Janvier 1915, la guerre fait rage depuis presque six mois et dévore les hommes comme une gloutonne. Les usines, les ateliers, les champs se vident et la liste des morts s’allonge. Difficile d’échapper au désespoir ou à la colère.
Eugène, âgé de 13 ans, a pris une résolution ferme. Au matin du mardi 19 janvier, il quitte le domicile familial, 6 rue des Couteliers, sur sa bicyclette comme si de rien n’était et descend la rue Gambetta pour se rendre au pensionnat Saint-Gilles à quelques minutes de là.
A midi, il ne rentre pas déjeuner. Morte d’inquiétude, sa mère se hâte à l’école où elle s’adresse à ses camarades de classe. L’un d’eux lui révèle qu’il a trouvé une mot d’Eugène dans son propre pupitre lui demandant de bien vouloir avertir sa mère de son départ pour Dijon où son père Célestin est mobilisé. Le plan du jeune garçon est bien établi. Il compte se faire engager au bureau de recrutement de Montluçon auquel il avait adressé cette lettre le 18 janvier :
Cher Monsieur,
Je vois que cette terrible guerre de 1915 dure très longtemps.
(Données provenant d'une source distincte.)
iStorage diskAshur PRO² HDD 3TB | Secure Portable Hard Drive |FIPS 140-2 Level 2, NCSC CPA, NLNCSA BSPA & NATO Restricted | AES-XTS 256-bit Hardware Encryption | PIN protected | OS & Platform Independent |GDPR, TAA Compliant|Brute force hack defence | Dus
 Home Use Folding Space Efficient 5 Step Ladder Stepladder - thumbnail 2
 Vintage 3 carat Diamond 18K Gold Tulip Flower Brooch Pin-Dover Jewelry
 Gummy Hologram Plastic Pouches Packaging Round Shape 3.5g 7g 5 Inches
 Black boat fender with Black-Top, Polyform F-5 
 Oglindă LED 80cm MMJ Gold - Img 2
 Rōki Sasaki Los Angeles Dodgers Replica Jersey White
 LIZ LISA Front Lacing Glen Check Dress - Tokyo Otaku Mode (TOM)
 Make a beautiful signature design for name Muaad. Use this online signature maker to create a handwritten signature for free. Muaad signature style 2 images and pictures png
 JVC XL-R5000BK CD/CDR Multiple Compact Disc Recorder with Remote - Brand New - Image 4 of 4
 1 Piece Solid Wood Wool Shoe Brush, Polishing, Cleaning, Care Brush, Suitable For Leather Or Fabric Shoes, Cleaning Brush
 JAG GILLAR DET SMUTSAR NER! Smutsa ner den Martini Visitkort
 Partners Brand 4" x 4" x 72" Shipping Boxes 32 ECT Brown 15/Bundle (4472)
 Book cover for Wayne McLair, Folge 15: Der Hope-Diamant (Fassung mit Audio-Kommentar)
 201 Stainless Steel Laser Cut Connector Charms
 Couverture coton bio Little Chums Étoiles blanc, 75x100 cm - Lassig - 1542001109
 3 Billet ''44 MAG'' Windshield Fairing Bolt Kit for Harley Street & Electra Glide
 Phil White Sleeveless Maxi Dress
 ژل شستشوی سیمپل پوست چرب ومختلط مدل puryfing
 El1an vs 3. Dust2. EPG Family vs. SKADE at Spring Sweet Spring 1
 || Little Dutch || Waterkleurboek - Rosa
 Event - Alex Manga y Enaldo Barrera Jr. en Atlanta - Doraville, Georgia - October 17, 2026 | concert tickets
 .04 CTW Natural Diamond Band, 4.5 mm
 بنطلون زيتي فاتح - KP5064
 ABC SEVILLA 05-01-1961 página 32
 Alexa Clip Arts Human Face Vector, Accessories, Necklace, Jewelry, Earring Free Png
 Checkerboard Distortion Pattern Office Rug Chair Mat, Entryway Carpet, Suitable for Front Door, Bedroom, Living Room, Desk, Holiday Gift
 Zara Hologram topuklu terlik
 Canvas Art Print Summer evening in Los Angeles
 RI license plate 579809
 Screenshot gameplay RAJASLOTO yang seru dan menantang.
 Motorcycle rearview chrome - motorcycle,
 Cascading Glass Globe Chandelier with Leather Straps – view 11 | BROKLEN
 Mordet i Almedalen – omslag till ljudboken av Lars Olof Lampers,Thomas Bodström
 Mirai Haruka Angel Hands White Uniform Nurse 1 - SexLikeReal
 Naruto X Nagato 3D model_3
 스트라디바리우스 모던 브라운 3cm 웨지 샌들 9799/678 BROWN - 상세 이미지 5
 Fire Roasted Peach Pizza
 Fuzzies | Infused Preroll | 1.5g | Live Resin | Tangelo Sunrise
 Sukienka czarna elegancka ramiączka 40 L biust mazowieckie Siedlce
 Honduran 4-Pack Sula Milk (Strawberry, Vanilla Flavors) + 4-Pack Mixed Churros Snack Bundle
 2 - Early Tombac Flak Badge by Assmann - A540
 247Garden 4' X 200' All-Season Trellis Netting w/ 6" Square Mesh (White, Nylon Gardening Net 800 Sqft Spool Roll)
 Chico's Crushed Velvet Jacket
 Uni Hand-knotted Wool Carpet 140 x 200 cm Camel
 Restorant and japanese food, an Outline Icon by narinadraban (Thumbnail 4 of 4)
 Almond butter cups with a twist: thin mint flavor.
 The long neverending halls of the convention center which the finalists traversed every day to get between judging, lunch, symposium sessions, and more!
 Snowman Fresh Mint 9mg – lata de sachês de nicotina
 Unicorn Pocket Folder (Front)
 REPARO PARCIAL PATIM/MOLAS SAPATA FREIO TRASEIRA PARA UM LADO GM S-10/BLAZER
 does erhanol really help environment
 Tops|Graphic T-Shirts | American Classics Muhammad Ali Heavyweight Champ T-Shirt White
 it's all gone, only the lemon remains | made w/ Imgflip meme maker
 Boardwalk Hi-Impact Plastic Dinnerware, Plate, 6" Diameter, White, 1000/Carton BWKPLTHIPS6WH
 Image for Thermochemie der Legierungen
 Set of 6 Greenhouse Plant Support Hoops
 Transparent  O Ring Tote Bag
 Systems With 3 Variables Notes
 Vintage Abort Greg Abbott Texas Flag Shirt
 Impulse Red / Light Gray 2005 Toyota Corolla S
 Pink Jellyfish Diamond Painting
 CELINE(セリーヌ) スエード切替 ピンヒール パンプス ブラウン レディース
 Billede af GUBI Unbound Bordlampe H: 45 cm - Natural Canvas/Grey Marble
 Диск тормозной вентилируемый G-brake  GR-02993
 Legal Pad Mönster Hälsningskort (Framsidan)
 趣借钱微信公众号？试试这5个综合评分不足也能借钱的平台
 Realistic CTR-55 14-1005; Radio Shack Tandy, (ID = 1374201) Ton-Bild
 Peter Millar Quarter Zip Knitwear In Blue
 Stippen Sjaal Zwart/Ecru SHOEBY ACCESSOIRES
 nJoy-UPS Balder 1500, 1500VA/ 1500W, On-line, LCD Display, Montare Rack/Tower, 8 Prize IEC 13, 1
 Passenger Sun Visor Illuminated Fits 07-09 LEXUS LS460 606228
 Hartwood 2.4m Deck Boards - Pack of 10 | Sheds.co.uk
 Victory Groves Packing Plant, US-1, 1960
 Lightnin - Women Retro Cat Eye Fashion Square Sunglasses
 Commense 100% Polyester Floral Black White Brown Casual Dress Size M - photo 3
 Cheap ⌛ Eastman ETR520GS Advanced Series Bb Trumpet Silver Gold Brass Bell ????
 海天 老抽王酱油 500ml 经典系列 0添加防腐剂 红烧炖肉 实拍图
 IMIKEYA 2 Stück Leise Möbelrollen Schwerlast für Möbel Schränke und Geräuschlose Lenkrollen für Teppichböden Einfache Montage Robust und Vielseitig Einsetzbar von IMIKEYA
Je veux, moi aussi, donner un coup de main, de manière qu’il n’y ait plus de ces Boches dans notre cher pays de France. Je ne suis qu’un enfant de 13 ans et demi. Je désirerais m’engager pour défendre cette chère patrie qui depuis longtemps est envahie par ce méchant ennemi. Oui, veuillez bien agréer ma demande, je vous en supplie. Je n’ai pas besoin d’un costume, car vous n’en avez sas doute point qui m’aille. Mais ce qui est le plus utile est un fusil, une cartouchière, un sac contenant tasse et gamelle
Veuillez encore une fois agréer ma petite demande.
Voici mon adresse : Monsieur Eugène Bottone, 6 rue des Couteliers, Moulins (Allier)
E. Bottone
Finalement, les obstacles trop nombreux sur son chemin de patriote en herbe l’ont convaincu de renoncer. Il réintègre la maison le lendemain matin ôtant à sa mère Victoria et ses deux sœurs, Rose et Clémentine, une inquiétude bien lourde.
Célestin Bottone, immigré italien et plâtrier de son état, reviendra sain et sauf de la guerre autant qu’on puisse en juger par ses activités futures. En effet, en 1925, il intègre le tout nouveau moto-club de Moulins et participe aux compétitions organisées. Il recevra, le 11 novembre 1950, la médaille de la Reconnaissance française des mains de Maurice Tinland, maire de Moulins et résistant, pour s’être particulièrement distingué pendant la Deuxième Guerre.
Quant à Eugène, qui avait donc de qui tenir, il devient peintre en bâtiment et travaille pour son père. Toujours Moulinois, en juillet 1946, il offre une prime de 100 francs au dernier du premier championnat de marche des facteurs.